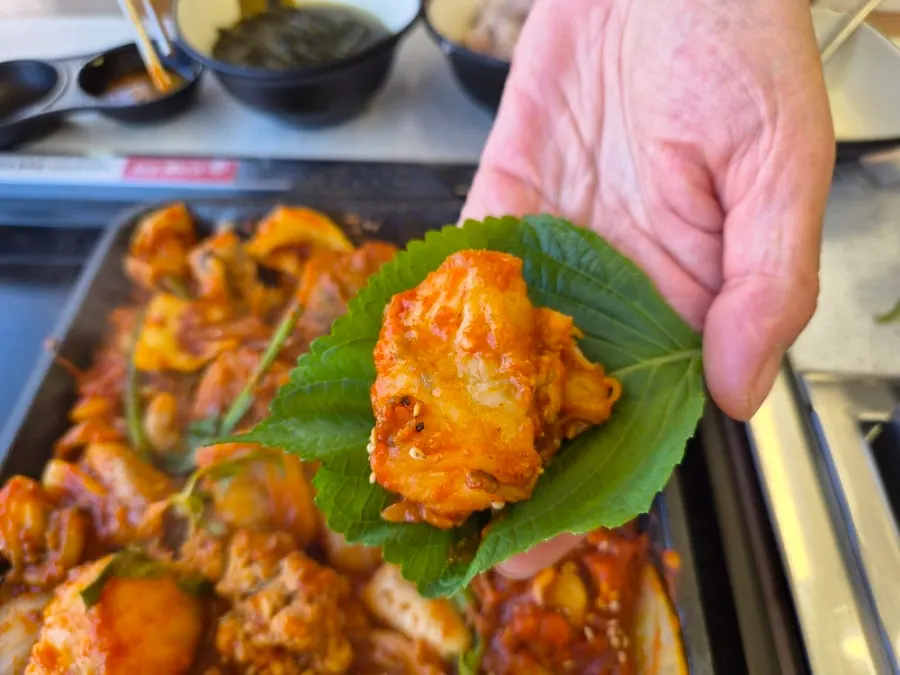 A piece of angler fish stew placed on a perilla leaf
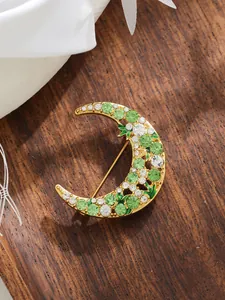 Detailed view of a golden crescent moon brooch with green and white rhinestones on wood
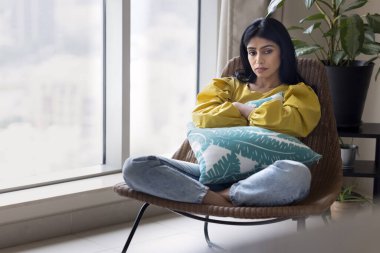 Bunalımlı genç Hintli kadın evinde koltukta oturuyor, yastığı sıkıyor, boşluğa bakıyor, başka tarafa bakıyor, sorunları düşünüyor, başarısızlık, kötü haber, kayıp, depresyondan muzdarip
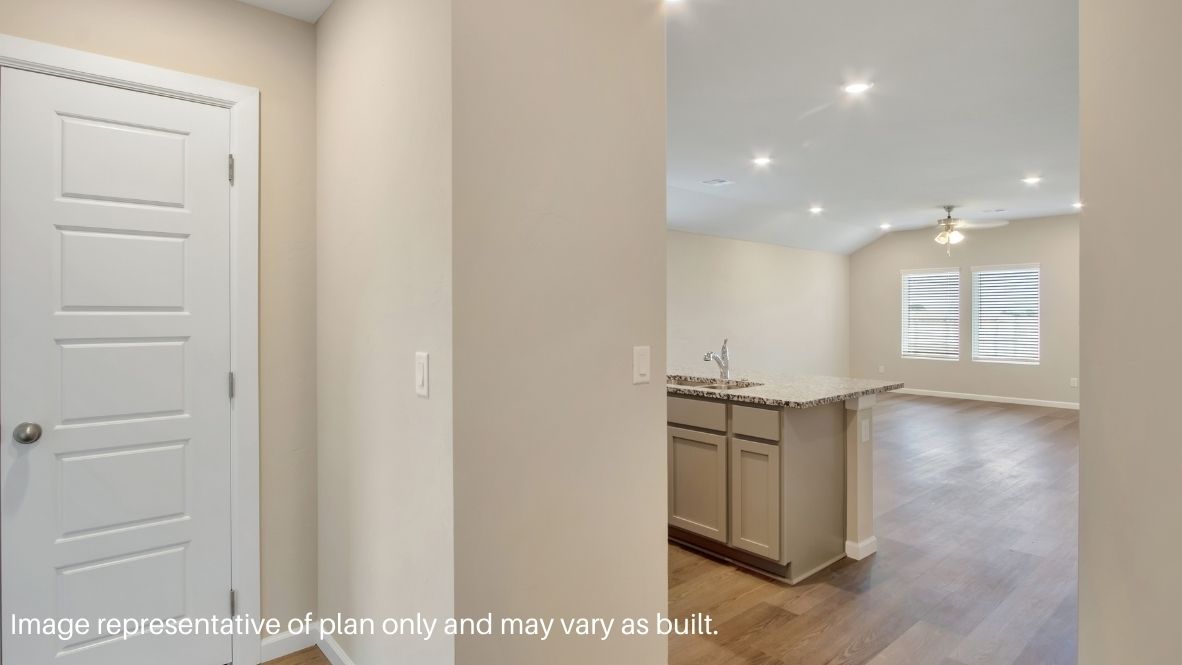 Entry hallway leading to living room and kitchen in the background.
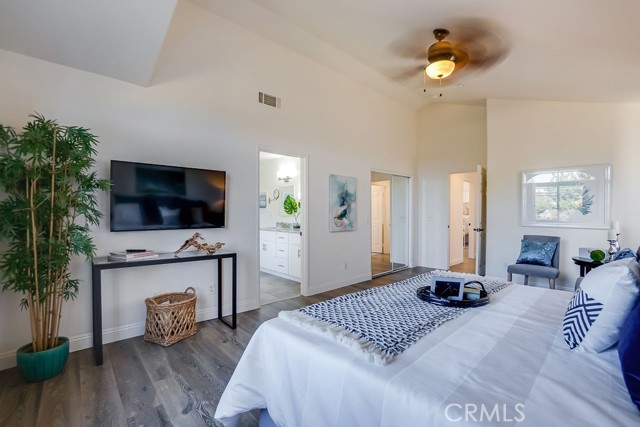 Large Primary Bedroom with HUGE walk-in closet, vaulted ceilings, and ceiling fan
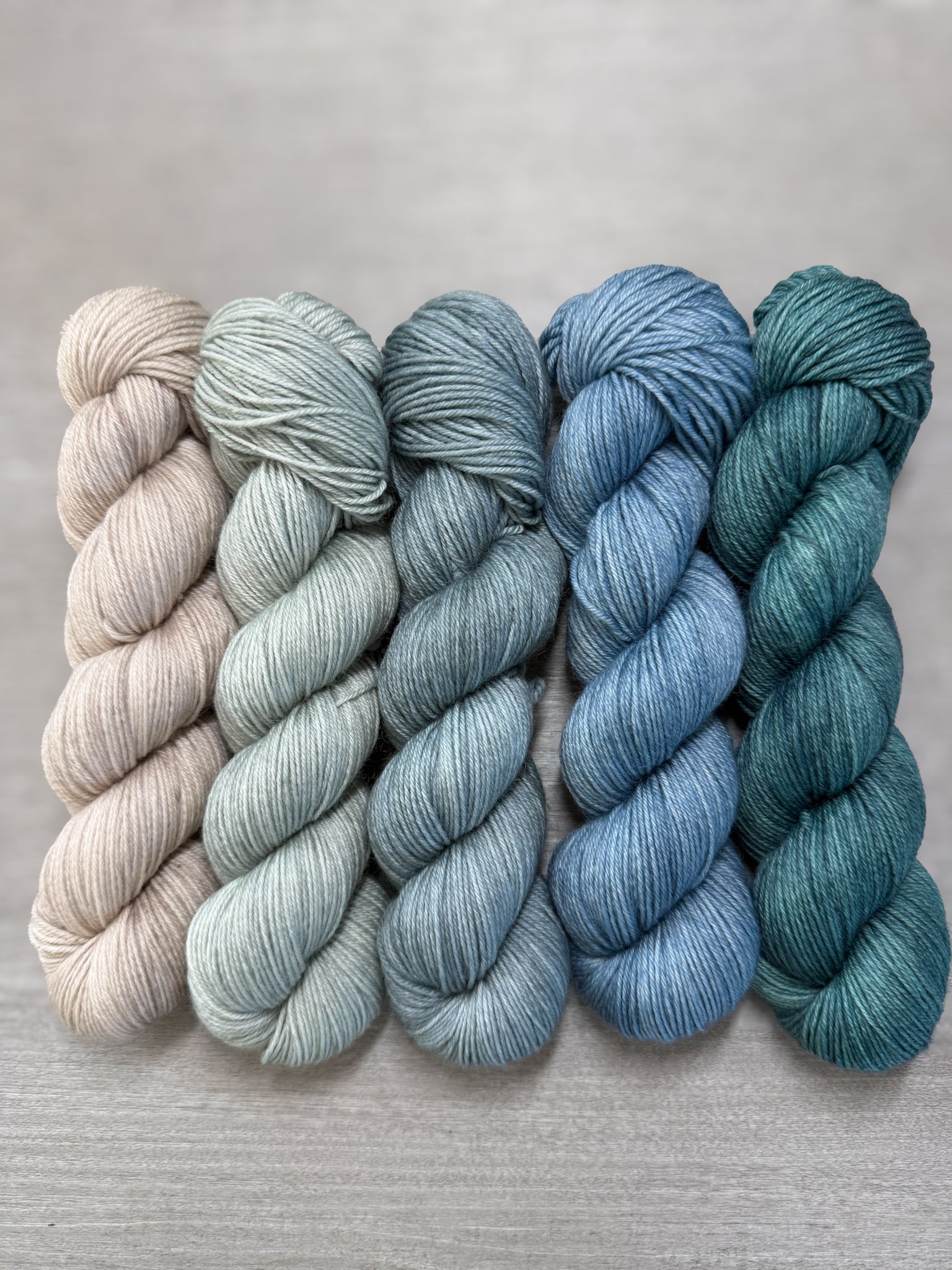 Ethically sourced merino wool mini skeins in soft sage, muted blues, and forest greens.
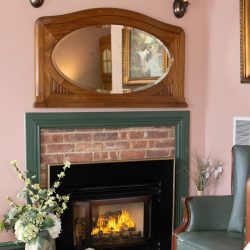 A cozy fireplace with a brick surround and black insert. Above it, there's a large wooden framed mirror. Nearby are a green armchair, a decorative vase with flowers, and wall sconces with lampshades.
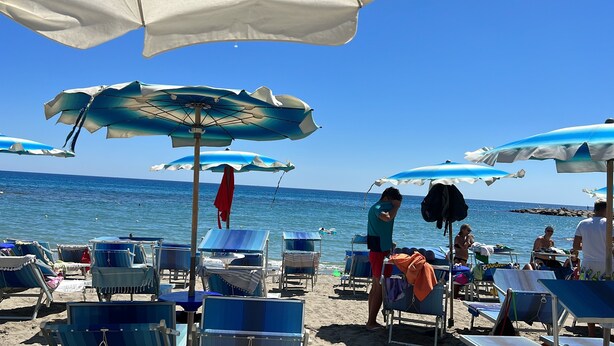 A beach with rows of blue lounge chairs and white umbrellas.
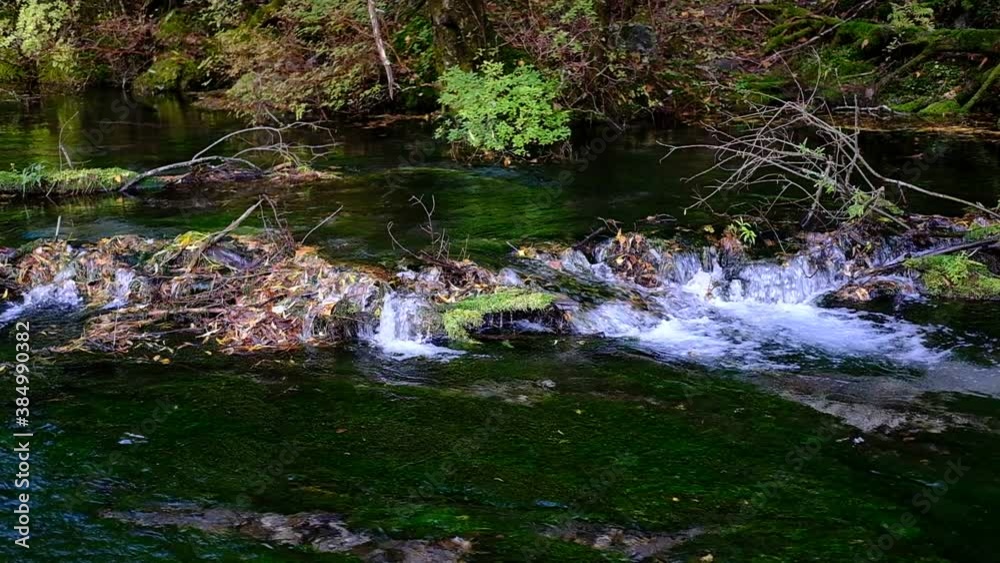 A slow motion of running river at Kamikochi National Park, Japan Alps. A slow motion of running river at Kamikochi National Park, Japan Alps.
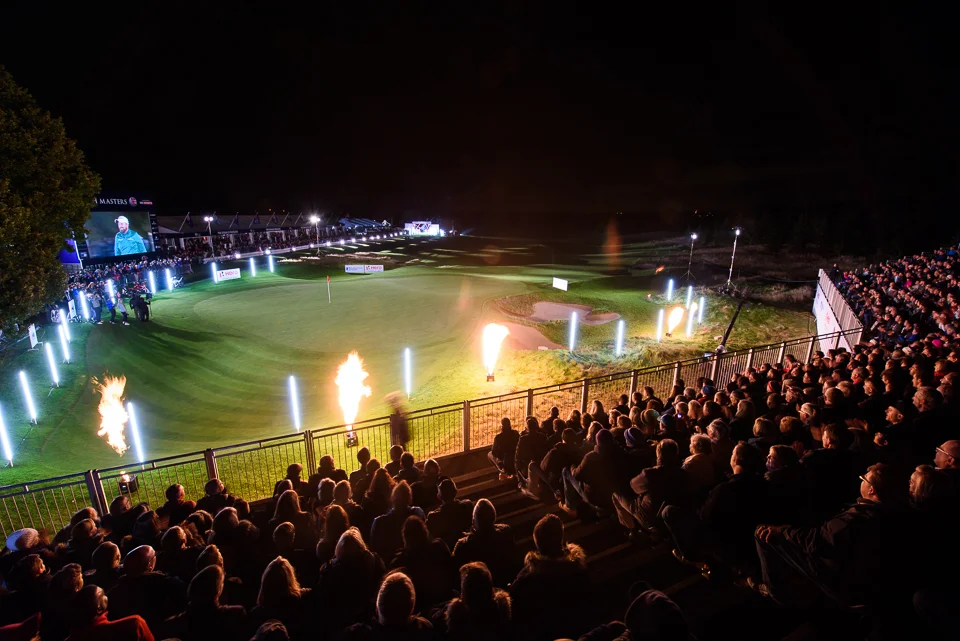 Lights surround the green with pyrotechnics to add some spice.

::::::::

*WHAT YOU WILL DO*
Give again, please, precisely the lines that begin the records and run through the line with "Ethically sourced merino" in it, keeping both end lines and dropping any pictures.

*RESPONSE*
 A piece of angler fish stew placed on a perilla leaf
 Detailed view of a golden crescent moon brooch with green and white rhinestones on wood
 Bunalımlı genç Hintli kadın evinde koltukta oturuyor, yastığı sıkıyor, boşluğa bakıyor, başka tarafa bakıyor, sorunları düşünüyor, başarısızlık, kötü haber, kayıp, depresyondan muzdarip
 Entry hallway leading to living room and kitchen in the background.
 Large Primary Bedroom with HUGE walk-in closet, vaulted ceilings, and ceiling fan
 Ethically sourced merino wool mini skeins in soft sage, muted blues, and forest greens.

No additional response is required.